Task directions> From the top of the entries below through the line containing "Colorful Mad Cat-mens basic tee-IKILO", return every line exactly as written, please, and stop there.

Data section>
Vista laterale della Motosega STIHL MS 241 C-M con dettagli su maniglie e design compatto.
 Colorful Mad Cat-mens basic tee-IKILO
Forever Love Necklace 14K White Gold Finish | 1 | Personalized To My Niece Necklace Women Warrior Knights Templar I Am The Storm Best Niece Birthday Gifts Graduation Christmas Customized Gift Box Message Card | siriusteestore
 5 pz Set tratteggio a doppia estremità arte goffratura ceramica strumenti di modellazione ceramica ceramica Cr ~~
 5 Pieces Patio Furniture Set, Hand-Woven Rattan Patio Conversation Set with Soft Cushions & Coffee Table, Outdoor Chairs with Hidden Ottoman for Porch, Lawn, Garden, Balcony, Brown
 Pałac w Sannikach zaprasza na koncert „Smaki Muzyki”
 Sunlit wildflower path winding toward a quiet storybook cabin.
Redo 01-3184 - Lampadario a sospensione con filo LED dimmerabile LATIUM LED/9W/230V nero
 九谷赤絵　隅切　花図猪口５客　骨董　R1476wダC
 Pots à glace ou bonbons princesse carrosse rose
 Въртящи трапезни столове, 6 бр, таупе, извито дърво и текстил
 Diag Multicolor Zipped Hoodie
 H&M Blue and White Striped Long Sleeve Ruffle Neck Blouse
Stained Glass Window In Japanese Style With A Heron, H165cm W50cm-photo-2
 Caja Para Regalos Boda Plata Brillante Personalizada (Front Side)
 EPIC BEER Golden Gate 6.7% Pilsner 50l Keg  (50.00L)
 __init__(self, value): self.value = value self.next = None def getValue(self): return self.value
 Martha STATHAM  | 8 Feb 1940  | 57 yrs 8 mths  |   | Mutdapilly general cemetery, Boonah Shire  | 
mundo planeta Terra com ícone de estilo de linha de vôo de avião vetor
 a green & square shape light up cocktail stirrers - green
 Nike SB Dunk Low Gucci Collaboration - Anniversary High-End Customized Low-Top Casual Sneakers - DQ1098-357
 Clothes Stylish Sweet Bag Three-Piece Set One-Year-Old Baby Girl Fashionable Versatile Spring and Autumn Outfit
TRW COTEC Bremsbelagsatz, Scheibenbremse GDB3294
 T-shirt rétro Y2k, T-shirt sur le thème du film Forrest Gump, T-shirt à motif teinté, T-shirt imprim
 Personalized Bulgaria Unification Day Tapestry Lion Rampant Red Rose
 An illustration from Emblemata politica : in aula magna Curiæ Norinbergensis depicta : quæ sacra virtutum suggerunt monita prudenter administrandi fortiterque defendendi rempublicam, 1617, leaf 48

Written response>
Vista laterale della Motosega STIHL MS 241 C-M con dettagli su maniglie e design compatto.
 Colorful Mad Cat-mens basic tee-IKILO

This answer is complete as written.